Australia has not escaped the refugee crisis that has plagued the rest of the world and now new reports of refugees being held in limbo for years sparked thousands to protest.

Business came to a standstill last week in Sydney and Melbourne – Australia’s largest cities – following a series of demonstrations by Australians. Thousands of Australians were rallying against the federal government’s offshore detention centers, which hold more than 1500 refugees, including children (some of whom are in dire need of medical attention).

What are Offshore Detention Centers?

The Australian offshore detention centers are islands on which asylum seekers coming into Australia are held before processing. They are located on Nauru and Manus, both islands in Oceania. Women, children and families are held on Nauru while single men are held on Manus.

To the government, the centers are places to hold refugees awaiting processing, but to the refugees, human rights activists and the protestors in Australia, they are torturous remote islands with untold suffering. The fact that some of the refugees have spent more than five years on the island and are yet to be resettled has caused many to accuse the Australian government of human rights abuses.

The offshore detention centers were unveiled in 2013 by the then prime minister of Australia Kevin Rudd following a resettlement agreement with Papua New Guinea. According to the agreement, anyone trying to reach Australia by boat would be barred from entering the country and instead be sent to Manus or Nauru for processing first. Manus is part of Papua New Guinea.

As a result of the policy, thousands of people have been sent to the detention centers since. Though the United Nation Refugee Agency, human rights groups and even Australian citizens have called for the abolishment of the centers, the government of Australia has maintained the policy to date.

Manus Offshore Detention Center. Source; Wikimedia Commons

Allegations of Human Rights Abuse

New reports just released revealing the dire conditions of the health of some of the asylum seekers sparked the recent wave of protests. Australian citizens, of all affiliations, came out to force the government into action and to help the refugees.

According to an August 2018 report from the Asylum Seeker Resource Center (ASRC) called Child Trauma on Nauru-The Facts, most of the asylum seekers have been determined to be refugees under Nauruan law but still have been living on the islands for years.

ASRC determined most of the children on the island are suffering from Traumatic Withdrawal System (TWS) which ASRC says “is most commonly seen in children and young adolescents, and has the clinical features dramatic social withdrawal, with severe reduction or inability to walk, talk, eat, and drink, self-care or socialize.”

Some of the symptoms that ASRC has documented in children on Nauru include:

 

  • suicidal ideation; suicide attempts, in some cases multiple;
  • hallucinations; social withdrawal;
  • repeated expressions of hopelessness;
  • persistent fear, including refusal to leave the home;
  • panic attacks;
  • flat affect and/or inability to speak;
  • appearance of cognitive / developmental impairment.

 

“People are living in detention with no hope, with no future, nothing to live for, nothing to strive for, and nothing to dream about, it’s criminal; the behavior of our government and the government before it. Our politicians have been disgusting,” said Jimmy Barnes as reported by the Guardian.

Barnes is an Australian rock icon and was worried the country is becoming a joke on the world stage. “My friends in America, they’re all fighting their own demons with Trump, but they all look and say: ‘man your human rights record is worse than ours.’ We should stand back as a country and say; ‘how can we help?’ Not be afraid,” he added.

Following the pressure, Scott Morrison, the prime minister of Australia, sent a team to bring in some of the sick children from the centers. Eleven were taken, leaving behind about 52. “Those numbers are coming down and we will continue to work on that,” Morrison told reporters in Sydney. “We have just been getting on and doing it like a responsible and compassionate government should,” he added.

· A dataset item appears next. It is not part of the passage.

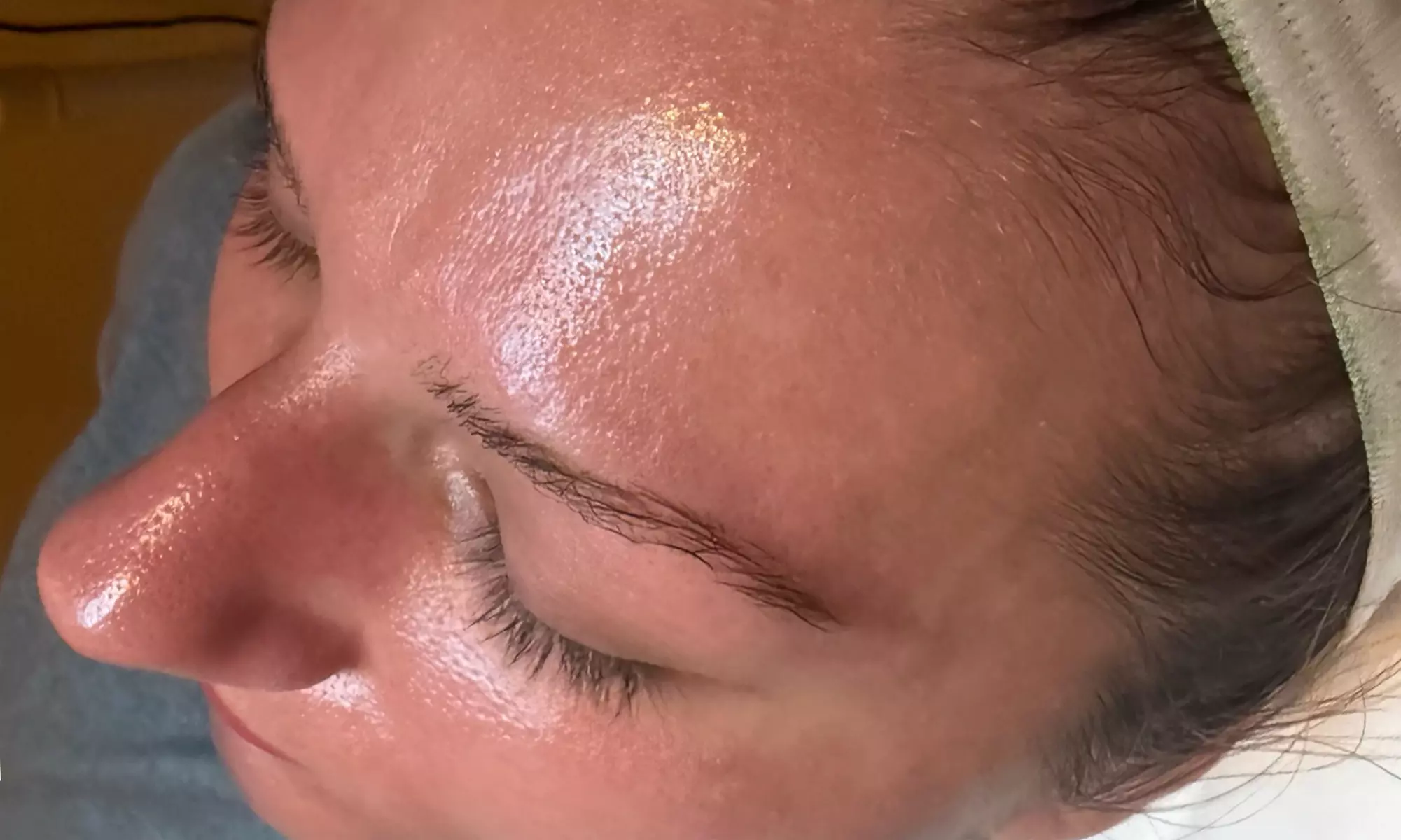 Get the Youthful Glow with Specialized Anti Aging Skin Treatment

But even as small steps were taken to improve the situation, the Australian government still maintains that the offshore detention centers are necessary, as they discourage not only dangerous ocean crossings by asylum seekers and refugees, but also human trafficking.

There are 1600 refugees currently in the centers, with Manus holding 750 men and Nauru holding 850 men, women and children. Only a few children have been allowed to leave the centers in search for medical attention. It remains to be seen whether the refugees will be resettled and whether the centers will be abolished altogether.